Exercise data:
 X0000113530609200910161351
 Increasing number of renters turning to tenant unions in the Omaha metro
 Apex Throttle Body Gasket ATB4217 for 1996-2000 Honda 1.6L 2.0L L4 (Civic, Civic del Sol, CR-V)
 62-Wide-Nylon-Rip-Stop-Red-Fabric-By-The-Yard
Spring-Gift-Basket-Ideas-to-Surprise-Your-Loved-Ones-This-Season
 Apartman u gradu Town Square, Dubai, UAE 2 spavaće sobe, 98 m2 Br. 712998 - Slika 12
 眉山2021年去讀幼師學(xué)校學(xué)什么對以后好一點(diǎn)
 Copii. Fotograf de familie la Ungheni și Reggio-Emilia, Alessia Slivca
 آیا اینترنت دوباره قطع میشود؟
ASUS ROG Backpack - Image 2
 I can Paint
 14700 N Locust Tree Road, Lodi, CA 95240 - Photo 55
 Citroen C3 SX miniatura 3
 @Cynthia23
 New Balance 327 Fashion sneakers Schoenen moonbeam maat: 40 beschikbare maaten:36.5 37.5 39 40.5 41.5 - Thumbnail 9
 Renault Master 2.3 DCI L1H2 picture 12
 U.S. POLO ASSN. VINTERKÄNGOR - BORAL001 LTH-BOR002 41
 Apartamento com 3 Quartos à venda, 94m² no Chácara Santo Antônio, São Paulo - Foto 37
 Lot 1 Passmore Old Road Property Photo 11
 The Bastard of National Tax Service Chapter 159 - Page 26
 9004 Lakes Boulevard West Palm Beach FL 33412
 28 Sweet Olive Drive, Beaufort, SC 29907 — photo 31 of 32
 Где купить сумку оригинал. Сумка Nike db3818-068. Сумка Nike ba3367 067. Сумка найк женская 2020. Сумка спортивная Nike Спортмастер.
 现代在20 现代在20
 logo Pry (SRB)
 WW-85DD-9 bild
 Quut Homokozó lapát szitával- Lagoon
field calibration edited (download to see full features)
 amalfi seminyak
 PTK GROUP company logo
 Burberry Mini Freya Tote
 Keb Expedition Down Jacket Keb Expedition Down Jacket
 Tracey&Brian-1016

Required work: Each entry above is to be copied out exactly as written.

Your response:
 X0000113530609200910161351
 Increasing number of renters turning to tenant unions in the Omaha metro
 Apex Throttle Body Gasket ATB4217 for 1996-2000 Honda 1.6L 2.0L L4 (Civic, Civic del Sol, CR-V)
 62-Wide-Nylon-Rip-Stop-Red-Fabric-By-The-Yard
Spring-Gift-Basket-Ideas-to-Surprise-Your-Loved-Ones-This-Season
 Apartman u gradu Town Square, Dubai, UAE 2 spavaće sobe, 98 m2 Br. 712998 - Slika 12
 眉山2021年去讀幼師學(xué)校學(xué)什么對以后好一點(diǎn)
 Copii. Fotograf de familie la Ungheni și Reggio-Emilia, Alessia Slivca
 آیا اینترنت دوباره قطع میشود؟
ASUS ROG Backpack - Image 2
 I can Paint
 14700 N Locust Tree Road, Lodi, CA 95240 - Photo 55
 Citroen C3 SX miniatura 3
 @Cynthia23
 New Balance 327 Fashion sneakers Schoenen moonbeam maat: 40 beschikbare maaten:36.5 37.5 39 40.5 41.5 - Thumbnail 9
 Renault Master 2.3 DCI L1H2 picture 12
 U.S. POLO ASSN. VINTERKÄNGOR - BORAL001 LTH-BOR002 41
 Apartamento com 3 Quartos à venda, 94m² no Chácara Santo Antônio, São Paulo - Foto 37
 Lot 1 Passmore Old Road Property Photo 11
 The Bastard of National Tax Service Chapter 159 - Page 26
 9004 Lakes Boulevard West Palm Beach FL 33412
 28 Sweet Olive Drive, Beaufort, SC 29907 — photo 31 of 32
 Где купить сумку оригинал. Сумка Nike db3818-068. Сумка Nike ba3367 067. Сумка найк женская 2020. Сумка спортивная Nike Спортмастер.
 现代在20 现代在20
 logo Pry (SRB)
 WW-85DD-9 bild
 Quut Homokozó lapát szitával- Lagoon
field calibration edited (download to see full features)
 amalfi seminyak
 PTK GROUP company logo
 Burberry Mini Freya Tote
 Keb Expedition Down Jacket Keb Expedition Down Jacket
 Tracey&Brian-1016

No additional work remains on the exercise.